Work instructions ▸ Every line of the listing is returned unchanged, and every picture is dropped.

Data segment ▸
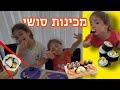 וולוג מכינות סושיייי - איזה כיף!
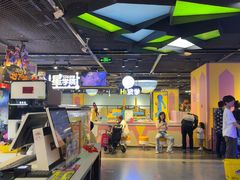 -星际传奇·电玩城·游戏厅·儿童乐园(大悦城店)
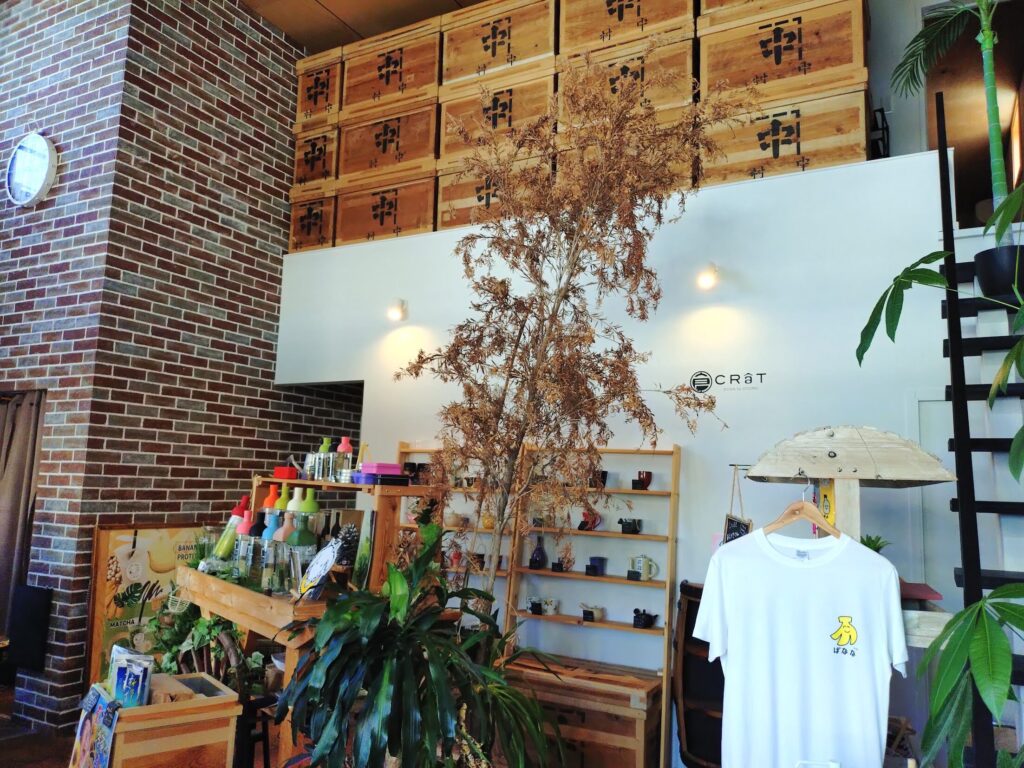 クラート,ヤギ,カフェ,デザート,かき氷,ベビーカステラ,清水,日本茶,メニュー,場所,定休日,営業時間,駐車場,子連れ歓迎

Response area ▸
 וולוג מכינות סושיייי - איזה כיף!
 -星际传奇·电玩城·游戏厅·儿童乐园(大悦城店)
 クラート,ヤギ,カフェ,デザート,かき氷,ベビーカステラ,清水,日本茶,メニュー,場所,定休日,営業時間,駐車場,子連れ歓迎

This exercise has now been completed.